## [What you should do]
Each line of the data below must be reproduced without any change.

*** Data for this exercise Section Begins ***

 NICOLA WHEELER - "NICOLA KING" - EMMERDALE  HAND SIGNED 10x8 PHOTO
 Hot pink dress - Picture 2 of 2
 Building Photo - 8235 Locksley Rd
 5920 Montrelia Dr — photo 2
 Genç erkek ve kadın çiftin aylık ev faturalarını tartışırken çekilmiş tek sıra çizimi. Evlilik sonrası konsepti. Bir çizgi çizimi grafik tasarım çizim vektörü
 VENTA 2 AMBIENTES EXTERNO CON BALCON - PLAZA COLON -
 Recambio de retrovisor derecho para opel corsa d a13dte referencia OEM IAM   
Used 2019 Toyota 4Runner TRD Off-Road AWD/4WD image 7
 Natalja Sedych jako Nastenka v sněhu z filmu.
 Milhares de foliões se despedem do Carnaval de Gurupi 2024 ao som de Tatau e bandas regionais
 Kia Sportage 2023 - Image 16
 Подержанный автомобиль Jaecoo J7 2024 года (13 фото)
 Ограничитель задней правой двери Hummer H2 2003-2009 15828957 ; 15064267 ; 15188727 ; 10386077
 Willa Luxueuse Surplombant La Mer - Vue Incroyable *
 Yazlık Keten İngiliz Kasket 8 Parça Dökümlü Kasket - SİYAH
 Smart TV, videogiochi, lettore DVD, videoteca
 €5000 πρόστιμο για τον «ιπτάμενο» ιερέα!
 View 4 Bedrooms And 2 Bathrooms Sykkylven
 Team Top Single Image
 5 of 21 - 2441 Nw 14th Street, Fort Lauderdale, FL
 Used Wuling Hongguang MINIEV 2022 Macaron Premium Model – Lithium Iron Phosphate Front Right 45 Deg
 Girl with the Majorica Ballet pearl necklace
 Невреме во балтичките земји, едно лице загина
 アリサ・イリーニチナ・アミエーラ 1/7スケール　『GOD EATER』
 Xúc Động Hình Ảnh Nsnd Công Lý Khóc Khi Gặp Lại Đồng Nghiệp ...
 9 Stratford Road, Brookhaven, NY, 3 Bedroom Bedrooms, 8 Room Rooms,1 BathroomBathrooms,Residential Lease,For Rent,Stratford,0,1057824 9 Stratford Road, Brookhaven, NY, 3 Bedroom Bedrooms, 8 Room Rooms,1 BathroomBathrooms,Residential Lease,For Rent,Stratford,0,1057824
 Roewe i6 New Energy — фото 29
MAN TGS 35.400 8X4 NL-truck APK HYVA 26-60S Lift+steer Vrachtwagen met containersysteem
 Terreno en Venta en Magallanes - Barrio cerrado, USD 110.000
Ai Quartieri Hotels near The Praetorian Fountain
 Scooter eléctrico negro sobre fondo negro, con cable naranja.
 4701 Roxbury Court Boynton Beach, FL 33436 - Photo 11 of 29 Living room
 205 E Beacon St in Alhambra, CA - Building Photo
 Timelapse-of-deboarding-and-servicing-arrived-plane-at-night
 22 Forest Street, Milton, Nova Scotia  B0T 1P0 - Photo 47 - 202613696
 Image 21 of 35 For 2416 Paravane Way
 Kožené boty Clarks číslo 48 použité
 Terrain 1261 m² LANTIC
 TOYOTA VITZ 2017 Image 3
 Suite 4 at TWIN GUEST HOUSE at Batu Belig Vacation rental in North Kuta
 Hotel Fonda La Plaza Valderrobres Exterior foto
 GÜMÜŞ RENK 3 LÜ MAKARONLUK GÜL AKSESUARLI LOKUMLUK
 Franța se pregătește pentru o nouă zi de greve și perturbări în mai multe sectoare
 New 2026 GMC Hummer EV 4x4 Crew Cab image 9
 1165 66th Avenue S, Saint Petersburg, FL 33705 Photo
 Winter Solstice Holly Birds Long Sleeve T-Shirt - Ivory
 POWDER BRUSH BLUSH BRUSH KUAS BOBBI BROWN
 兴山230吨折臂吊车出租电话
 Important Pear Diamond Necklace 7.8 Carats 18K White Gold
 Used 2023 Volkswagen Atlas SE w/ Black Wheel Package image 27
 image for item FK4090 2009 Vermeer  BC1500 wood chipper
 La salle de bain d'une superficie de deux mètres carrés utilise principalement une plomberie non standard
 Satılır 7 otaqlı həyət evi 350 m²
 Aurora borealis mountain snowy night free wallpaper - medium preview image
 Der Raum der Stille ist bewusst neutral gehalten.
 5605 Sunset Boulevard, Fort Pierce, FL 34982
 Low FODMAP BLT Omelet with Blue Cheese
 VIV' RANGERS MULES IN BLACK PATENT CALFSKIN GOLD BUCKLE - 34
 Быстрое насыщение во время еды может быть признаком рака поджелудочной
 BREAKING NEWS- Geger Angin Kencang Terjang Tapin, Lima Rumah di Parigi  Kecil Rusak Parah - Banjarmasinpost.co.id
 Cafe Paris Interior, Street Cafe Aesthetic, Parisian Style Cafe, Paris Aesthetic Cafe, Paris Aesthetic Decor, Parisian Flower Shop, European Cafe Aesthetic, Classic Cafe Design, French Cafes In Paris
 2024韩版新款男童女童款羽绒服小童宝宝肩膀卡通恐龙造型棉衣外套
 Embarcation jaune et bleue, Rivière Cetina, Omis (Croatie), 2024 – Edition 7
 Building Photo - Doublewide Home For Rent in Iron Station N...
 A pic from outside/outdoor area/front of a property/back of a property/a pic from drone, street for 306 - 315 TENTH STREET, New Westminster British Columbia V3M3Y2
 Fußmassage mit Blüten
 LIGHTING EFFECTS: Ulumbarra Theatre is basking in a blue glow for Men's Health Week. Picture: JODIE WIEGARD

*** Data for this exercise Section Ends ***

## [Solution below]
 NICOLA WHEELER - "NICOLA KING" - EMMERDALE  HAND SIGNED 10x8 PHOTO
 Hot pink dress - Picture 2 of 2
 Building Photo - 8235 Locksley Rd
 5920 Montrelia Dr — photo 2
 Genç erkek ve kadın çiftin aylık ev faturalarını tartışırken çekilmiş tek sıra çizimi. Evlilik sonrası konsepti. Bir çizgi çizimi grafik tasarım çizim vektörü
 VENTA 2 AMBIENTES EXTERNO CON BALCON - PLAZA COLON -
 Recambio de retrovisor derecho para opel corsa d a13dte referencia OEM IAM   
Used 2019 Toyota 4Runner TRD Off-Road AWD/4WD image 7
 Natalja Sedych jako Nastenka v sněhu z filmu.
 Milhares de foliões se despedem do Carnaval de Gurupi 2024 ao som de Tatau e bandas regionais
 Kia Sportage 2023 - Image 16
 Подержанный автомобиль Jaecoo J7 2024 года (13 фото)
 Ограничитель задней правой двери Hummer H2 2003-2009 15828957 ; 15064267 ; 15188727 ; 10386077
 Willa Luxueuse Surplombant La Mer - Vue Incroyable *
 Yazlık Keten İngiliz Kasket 8 Parça Dökümlü Kasket - SİYAH
 Smart TV, videogiochi, lettore DVD, videoteca
 €5000 πρόστιμο για τον «ιπτάμενο» ιερέα!
 View 4 Bedrooms And 2 Bathrooms Sykkylven
 Team Top Single Image
 5 of 21 - 2441 Nw 14th Street, Fort Lauderdale, FL
 Used Wuling Hongguang MINIEV 2022 Macaron Premium Model – Lithium Iron Phosphate Front Right 45 Deg
 Girl with the Majorica Ballet pearl necklace
 Невреме во балтичките земји, едно лице загина
 アリサ・イリーニチナ・アミエーラ 1/7スケール　『GOD EATER』
 Xúc Động Hình Ảnh Nsnd Công Lý Khóc Khi Gặp Lại Đồng Nghiệp ...
 9 Stratford Road, Brookhaven, NY, 3 Bedroom Bedrooms, 8 Room Rooms,1 BathroomBathrooms,Residential Lease,For Rent,Stratford,0,1057824 9 Stratford Road, Brookhaven, NY, 3 Bedroom Bedrooms, 8 Room Rooms,1 BathroomBathrooms,Residential Lease,For Rent,Stratford,0,1057824
 Roewe i6 New Energy — фото 29
MAN TGS 35.400 8X4 NL-truck APK HYVA 26-60S Lift+steer Vrachtwagen met containersysteem
 Terreno en Venta en Magallanes - Barrio cerrado, USD 110.000
Ai Quartieri Hotels near The Praetorian Fountain
 Scooter eléctrico negro sobre fondo negro, con cable naranja.
 4701 Roxbury Court Boynton Beach, FL 33436 - Photo 11 of 29 Living room
 205 E Beacon St in Alhambra, CA - Building Photo
 Timelapse-of-deboarding-and-servicing-arrived-plane-at-night
 22 Forest Street, Milton, Nova Scotia  B0T 1P0 - Photo 47 - 202613696
 Image 21 of 35 For 2416 Paravane Way
 Kožené boty Clarks číslo 48 použité
 Terrain 1261 m² LANTIC
 TOYOTA VITZ 2017 Image 3
 Suite 4 at TWIN GUEST HOUSE at Batu Belig Vacation rental in North Kuta
 Hotel Fonda La Plaza Valderrobres Exterior foto
 GÜMÜŞ RENK 3 LÜ MAKARONLUK GÜL AKSESUARLI LOKUMLUK
 Franța se pregătește pentru o nouă zi de greve și perturbări în mai multe sectoare
 New 2026 GMC Hummer EV 4x4 Crew Cab image 9
 1165 66th Avenue S, Saint Petersburg, FL 33705 Photo
 Winter Solstice Holly Birds Long Sleeve T-Shirt - Ivory
 POWDER BRUSH BLUSH BRUSH KUAS BOBBI BROWN
 兴山230吨折臂吊车出租电话
 Important Pear Diamond Necklace 7.8 Carats 18K White Gold
 Used 2023 Volkswagen Atlas SE w/ Black Wheel Package image 27
 image for item FK4090 2009 Vermeer  BC1500 wood chipper
 La salle de bain d'une superficie de deux mètres carrés utilise principalement une plomberie non standard
 Satılır 7 otaqlı həyət evi 350 m²
 Aurora borealis mountain snowy night free wallpaper - medium preview image
 Der Raum der Stille ist bewusst neutral gehalten.
 5605 Sunset Boulevard, Fort Pierce, FL 34982
 Low FODMAP BLT Omelet with Blue Cheese
 VIV' RANGERS MULES IN BLACK PATENT CALFSKIN GOLD BUCKLE - 34
 Быстрое насыщение во время еды может быть признаком рака поджелудочной
 BREAKING NEWS- Geger Angin Kencang Terjang Tapin, Lima Rumah di Parigi  Kecil Rusak Parah - Banjarmasinpost.co.id
 Cafe Paris Interior, Street Cafe Aesthetic, Parisian Style Cafe, Paris Aesthetic Cafe, Paris Aesthetic Decor, Parisian Flower Shop, European Cafe Aesthetic, Classic Cafe Design, French Cafes In Paris
 2024韩版新款男童女童款羽绒服小童宝宝肩膀卡通恐龙造型棉衣外套
 Embarcation jaune et bleue, Rivière Cetina, Omis (Croatie), 2024 – Edition 7
 Building Photo - Doublewide Home For Rent in Iron Station N...
 A pic from outside/outdoor area/front of a property/back of a property/a pic from drone, street for 306 - 315 TENTH STREET, New Westminster British Columbia V3M3Y2
 Fußmassage mit Blüten
 LIGHTING EFFECTS: Ulumbarra Theatre is basking in a blue glow for Men's Health Week. Picture: JODIE WIEGARD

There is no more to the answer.